▸ Work order
Please work out how many lines in the material below contain the string "Series", and answer with that number only.

━━ Data ━━

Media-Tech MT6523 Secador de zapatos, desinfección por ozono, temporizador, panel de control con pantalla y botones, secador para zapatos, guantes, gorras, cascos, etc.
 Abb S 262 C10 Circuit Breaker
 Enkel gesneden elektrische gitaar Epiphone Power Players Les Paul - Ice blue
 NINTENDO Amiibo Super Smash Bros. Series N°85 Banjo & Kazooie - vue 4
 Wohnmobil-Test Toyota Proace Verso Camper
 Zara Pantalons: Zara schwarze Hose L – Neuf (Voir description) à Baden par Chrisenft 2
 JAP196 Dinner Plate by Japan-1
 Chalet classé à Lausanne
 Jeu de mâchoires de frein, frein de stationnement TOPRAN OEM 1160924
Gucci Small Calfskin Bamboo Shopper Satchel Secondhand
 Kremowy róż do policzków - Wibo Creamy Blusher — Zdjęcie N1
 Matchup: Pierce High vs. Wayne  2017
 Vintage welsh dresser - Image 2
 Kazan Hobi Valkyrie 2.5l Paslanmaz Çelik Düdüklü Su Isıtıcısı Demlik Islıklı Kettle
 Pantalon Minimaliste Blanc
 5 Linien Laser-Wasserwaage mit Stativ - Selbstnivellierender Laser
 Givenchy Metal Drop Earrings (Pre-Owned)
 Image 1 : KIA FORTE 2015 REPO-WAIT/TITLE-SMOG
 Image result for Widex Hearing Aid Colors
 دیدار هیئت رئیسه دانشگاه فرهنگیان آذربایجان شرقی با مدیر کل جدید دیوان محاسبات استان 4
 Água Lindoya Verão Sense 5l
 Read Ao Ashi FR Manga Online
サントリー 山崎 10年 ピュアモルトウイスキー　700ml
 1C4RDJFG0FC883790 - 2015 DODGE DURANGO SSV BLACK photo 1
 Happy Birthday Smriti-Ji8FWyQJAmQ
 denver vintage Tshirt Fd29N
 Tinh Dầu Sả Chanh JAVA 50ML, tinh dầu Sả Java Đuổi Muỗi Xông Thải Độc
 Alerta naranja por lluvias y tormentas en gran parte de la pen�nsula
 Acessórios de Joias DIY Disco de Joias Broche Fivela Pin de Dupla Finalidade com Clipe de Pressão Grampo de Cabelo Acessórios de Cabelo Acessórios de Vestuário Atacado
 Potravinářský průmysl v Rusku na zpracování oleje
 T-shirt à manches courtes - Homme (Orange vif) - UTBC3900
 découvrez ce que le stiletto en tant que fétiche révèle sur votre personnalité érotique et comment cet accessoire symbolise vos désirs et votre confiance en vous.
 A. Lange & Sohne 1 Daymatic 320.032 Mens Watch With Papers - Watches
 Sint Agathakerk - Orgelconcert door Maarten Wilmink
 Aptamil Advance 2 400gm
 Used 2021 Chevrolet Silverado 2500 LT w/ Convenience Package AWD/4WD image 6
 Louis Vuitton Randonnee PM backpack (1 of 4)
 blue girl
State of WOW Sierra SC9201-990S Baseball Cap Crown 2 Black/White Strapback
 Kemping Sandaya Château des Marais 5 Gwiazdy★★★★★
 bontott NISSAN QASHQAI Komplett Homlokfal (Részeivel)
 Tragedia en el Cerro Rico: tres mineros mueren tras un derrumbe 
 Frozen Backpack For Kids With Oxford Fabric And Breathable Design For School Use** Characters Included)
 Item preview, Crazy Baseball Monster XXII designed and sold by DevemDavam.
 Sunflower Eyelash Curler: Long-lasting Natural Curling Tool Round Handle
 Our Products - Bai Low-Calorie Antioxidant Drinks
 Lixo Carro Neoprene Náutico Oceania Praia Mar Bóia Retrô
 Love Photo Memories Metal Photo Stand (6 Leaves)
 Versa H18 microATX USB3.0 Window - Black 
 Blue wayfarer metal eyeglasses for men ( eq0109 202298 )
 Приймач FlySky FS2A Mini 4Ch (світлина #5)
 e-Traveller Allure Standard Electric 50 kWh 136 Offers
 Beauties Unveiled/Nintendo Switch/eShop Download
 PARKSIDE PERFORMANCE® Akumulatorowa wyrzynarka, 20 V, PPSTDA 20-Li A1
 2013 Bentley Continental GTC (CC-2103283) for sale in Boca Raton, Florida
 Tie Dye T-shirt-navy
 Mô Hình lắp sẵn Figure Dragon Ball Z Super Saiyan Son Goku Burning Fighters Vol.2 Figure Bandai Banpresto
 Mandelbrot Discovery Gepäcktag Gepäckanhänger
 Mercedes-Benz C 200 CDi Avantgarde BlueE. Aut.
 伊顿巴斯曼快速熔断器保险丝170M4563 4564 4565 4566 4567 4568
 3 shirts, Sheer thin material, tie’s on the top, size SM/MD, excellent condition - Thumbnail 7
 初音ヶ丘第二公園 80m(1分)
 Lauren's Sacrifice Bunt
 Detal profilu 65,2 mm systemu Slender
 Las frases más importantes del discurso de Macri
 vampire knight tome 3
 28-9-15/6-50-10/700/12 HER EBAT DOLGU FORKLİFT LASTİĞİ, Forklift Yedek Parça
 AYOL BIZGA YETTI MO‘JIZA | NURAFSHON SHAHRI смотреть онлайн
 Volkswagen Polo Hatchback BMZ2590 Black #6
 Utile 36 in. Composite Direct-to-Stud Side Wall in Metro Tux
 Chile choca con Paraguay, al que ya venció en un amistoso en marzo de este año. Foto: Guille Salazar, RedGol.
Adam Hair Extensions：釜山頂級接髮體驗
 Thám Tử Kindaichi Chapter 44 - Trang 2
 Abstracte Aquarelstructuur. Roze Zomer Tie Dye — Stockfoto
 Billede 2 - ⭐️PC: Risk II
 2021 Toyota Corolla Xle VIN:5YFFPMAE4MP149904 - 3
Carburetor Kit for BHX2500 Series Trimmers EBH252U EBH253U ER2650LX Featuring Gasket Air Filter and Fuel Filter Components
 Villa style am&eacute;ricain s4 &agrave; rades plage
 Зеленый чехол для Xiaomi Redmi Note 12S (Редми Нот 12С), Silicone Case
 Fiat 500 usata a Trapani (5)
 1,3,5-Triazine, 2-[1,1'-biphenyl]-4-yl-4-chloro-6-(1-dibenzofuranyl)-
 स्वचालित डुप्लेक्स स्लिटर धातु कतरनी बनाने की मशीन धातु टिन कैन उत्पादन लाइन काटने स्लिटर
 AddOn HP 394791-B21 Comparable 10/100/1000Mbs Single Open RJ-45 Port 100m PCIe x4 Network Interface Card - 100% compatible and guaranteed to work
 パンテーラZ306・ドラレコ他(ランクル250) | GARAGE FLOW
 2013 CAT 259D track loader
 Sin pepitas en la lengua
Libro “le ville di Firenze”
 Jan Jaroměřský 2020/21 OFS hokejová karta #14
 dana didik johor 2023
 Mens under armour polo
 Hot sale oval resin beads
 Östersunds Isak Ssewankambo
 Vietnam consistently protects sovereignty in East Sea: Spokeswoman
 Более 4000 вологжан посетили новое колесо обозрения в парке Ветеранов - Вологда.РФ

━━━

▸ Output of the exercise
2